Union Jack at half mast over Buckingham Palace

Or, rather, it reels in a kind of incredulity. For the vast majority of us, royalist or republican, the Queen’s been part of our psychological fabric since forever. And, as our Political Correspondent Peter Spencer reports, the fact that we’ve got a new Prime Minister, as well as a new monarch, rather pales into insignificance.

Because Liz Truss is actually the fifteenth leader Elizabeth 2nd appointed, the Downing Street earthquake feels more like a distant tremor.

Cue wall-to-wall media coverage of the nostalgia, obsequies, ceremonies and collective curiosity about King Charles 3rd.

The slickness of it all will be on a par with Putin’s blanket propaganda about how brilliantly Russia’s doing in Ukraine.

This is not to be disparaging. But what’s codenamed ‘Operation London Bridge’ has been many years in the making.

Notwithstanding the affection so many of the organisers doubtless feel, there’s always been a pragmatic acceptance of reality.

Best summed up by a fatally wounded character in Shakespeare’s Henry 4th Part One.

‘Thought’s the slave of life, and life, Time’s fool. And Time, that takes survey of all the world, must have a stop.’

Very likely that idea’s reverberating in many mourners’ minds as they contemplate not only Her Majesty’s mortality – but also their own.

Something of the bittersweet there, as few of us could imagine carrying on working, on our pins, with a smile on our faces, at ninety-six.

But the footage of last week’s Truss for PM ceremony at Balmoral is there for all to see.

Planning for the monarchical handover, however, was a bit easier when it started, decades before it was realistically expected to happen.

Doubtless alongside other broadcasters, Sky News was certainly doing just that all those years ago.

Famously, ahem, when the presenters were doing the black tie routine in the off-air studio one of the techies misunderstood the situation.

A loyal and hardworking chap, he duly started digging out relevant videotapes, which in itself shows how long ago it was.

But he also paused for a moment to ring his mum in Australia.

She was so struck by the news that she called her local media outlet, which started broadcasting it, sourcing Sky.

National networks quickly picked it up, and calls to the newsdesk for corroboration, from the other side of the world, were soon flooding in.

Oops! A tricky day at the office.

But also a reminder that everyday life has its thrills and spills.

And while it’s safe to assume the current seismic affairs of state will, for once, seriously impact on natters in the pub, so will our own affairs.

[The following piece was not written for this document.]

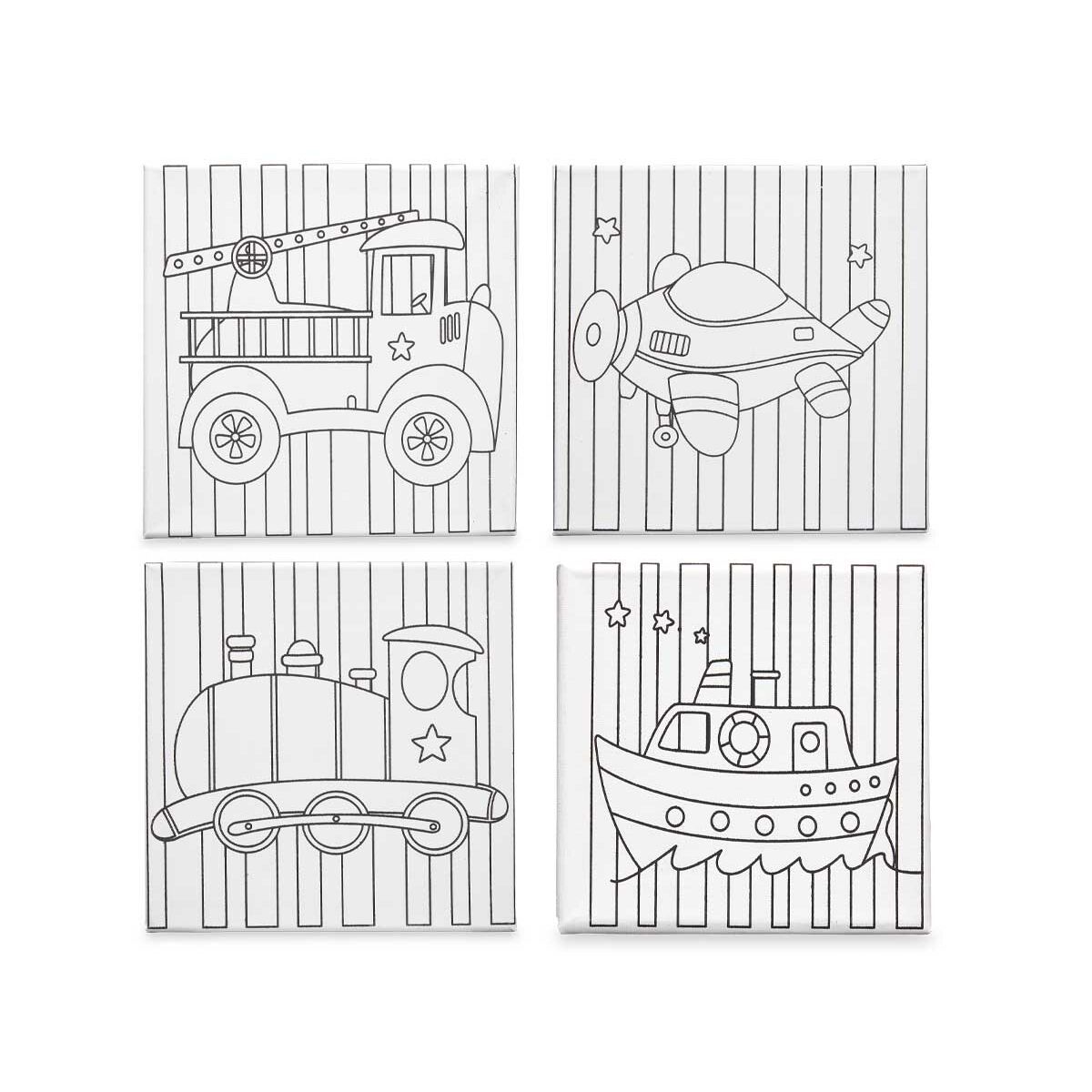 Полотно Белый Ткань 25 x 25 x 1,5 cm Для рисования транспортные средства (24 штук)-2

Such as the cost of living crisis.

Our new Prime Minister insists help is on the way. And it seems it actually, and rather gobsmackingly, is.

The idea is to bung something approaching a hundred-and-fifty billion smackers at the problem.

This should mean folk shouldn’t have to pay more than two-and-a-half grand a year to heat their homes between now and the next election.

A fair bit more than they’re shelling out now, but around half what it was feared they’d have to stump up come next January.

Even The Telegraph, aka Torygraph, is taken aback. Here’s what Christopher Hope, the paper’s top political hack, has to say:

‘The Prime Minister might be the most Right-wing Conservative leader for decades, but the billions .. would make even Gordon Brown blush.’

Certainly, it is close to Labour’s idea. Except that instead of using an updated windfall tax on energy companies she’ll borrow the money.

An awful lot of it. Will take ages to pay back.

A great relief, doubtless, to the firms sitting on an absolute fortune, that Truss is hoist on the pétard of her ‘no new taxes’ mantra.

Perhaps, in time, less joyful for succeeding generations – who’ll ultimately pick up the tab.

Calls to mind the only way anti-slavery campaigners managed to get the victims out of their chains. Financial compensation. Of the owners.

It worked, but cost shedloads. And the bill, racked up in 1837, didn’t finally get paid off until, er, 2015.

On that basis, if Boris Johnson does manage a comeback kid gig, the problem will still he his to solve.

Not that he seems minded to baulk at the prospect, if his farewell speech is anything to go by.

Doing his ever-so-clever stuff, he cited the Roman politico Cincinnatus, who apparently promised to ‘return to his plough’ when he bowed out.

He also came back, later, and got the top job again. Subtle, not subtle, Bojo.

Meantime, Johnson’s likely to feather his financial nest by writing his memoirs post-haste.

Meaning while Truss is busy channelling Churchill, with talk of ‘action this day’, so is her predecessor. Winnie also said, famously:

‘History will be kind to me, for I intend to write it.’

Not for Johnson then, if he can possibly help it, another Shakespearian reflection on getting sidelined, one way or another.

‘Time hath, my lord, a wallet at his back, Wherein he puts alms for oblivion, A great-sized monster of ingratitudes.’

But of course blame for the nation’s, indeed all Europe’s, current predicament rests with the gremlin in the Kremlin.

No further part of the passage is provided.